Each room has Indigenous art on the walls, as well as flags that were blessed by elders during a launch ceremony on Friday.
“They’re also doing something special where they’re going to provide each senior with a bagged lunch on their way out the door as a little treat,” Woytas said.
“Food is something that’s very important to the Indigenous culture because it welcomes them in, so we’re adding those extra little pieces and touches that are culturally relevant and culturally important to the Indigenous people.”
Earnie Poundmaker, who works at the centre, said there have been a lot of barriers to senior Indigenous people living in the city when it comes to accessing vaccines, including language barriers and feelings of fear and mistrust in the health-care system.
He believes having a clinic dedicated to Indigenous people will help to ease those tensions and ensure people who otherwise wouldn’t have been immunized sign up for a shot.
“I think it goes a long way because first of all, they’re coming into an Indigenous setting,” he said. “That’s going to present a sense of security, a sense of welcome for them.

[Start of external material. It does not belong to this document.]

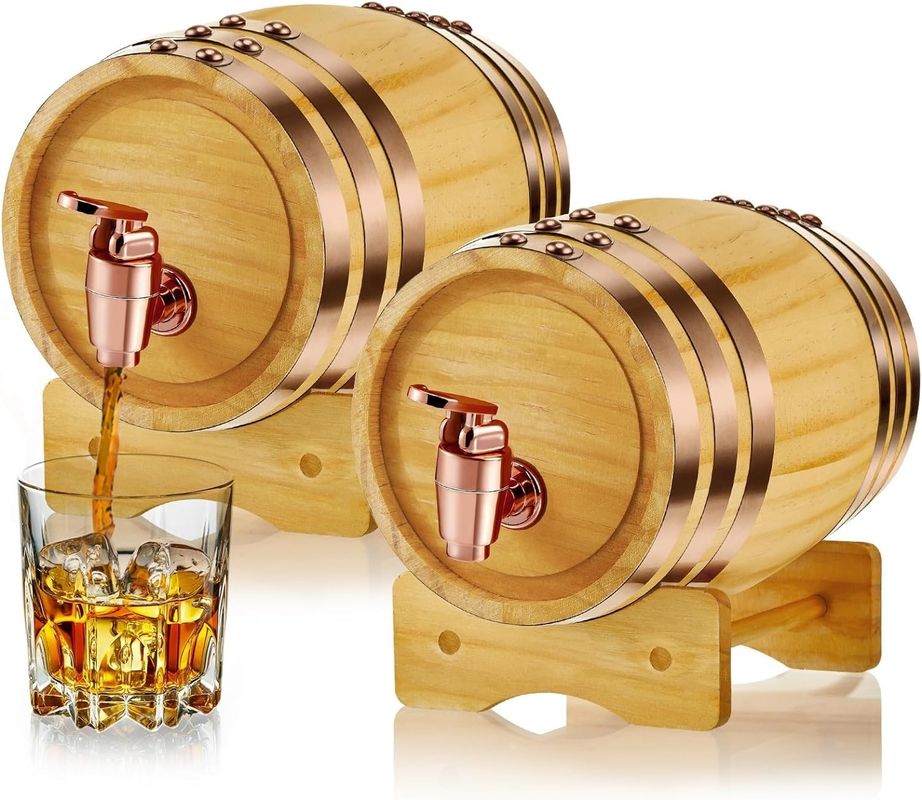 Whiskey Barrel Cocktail Dispenser for Vintage Spirits and Liquors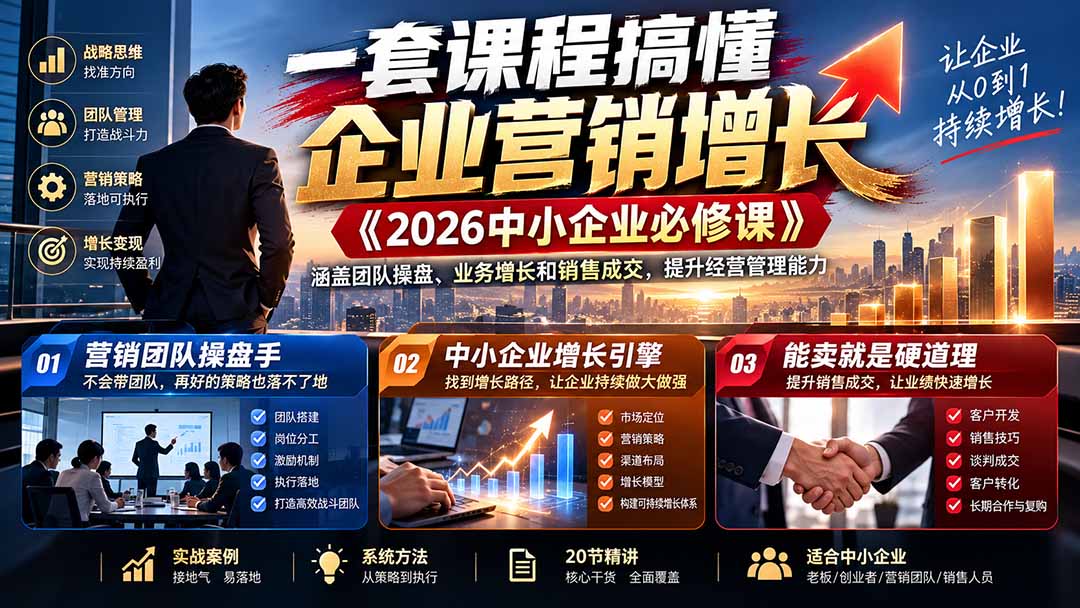 一套课程搞懂企业营销增长《2026中小企业必修课》涵盖团队操盘、业务增长和销售成交，提升经营管理能力-极客网创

“Once you begin speaking with people and relaying some of those fears that people have, they’re more open and accepting to it.”
Starting 10 a.m. Monday, the clinic, which was set up over the past couple weeks in partnership with AHS and other agencies, will be administering first doses of the Moderna vaccine to Indigenous people 65 and older.
Right now, the clinic is expecting to be open for four weeks, and expects to give 20 to 22 shots each day, for a total of about 400 people over the timespan.
However, Woytas is hopeful there will be a good uptake in the program, and that it will be able to stay open to ensure the continuity of care for the seniors, and provide second doses too.
The clinic is the first of its kind in Alberta.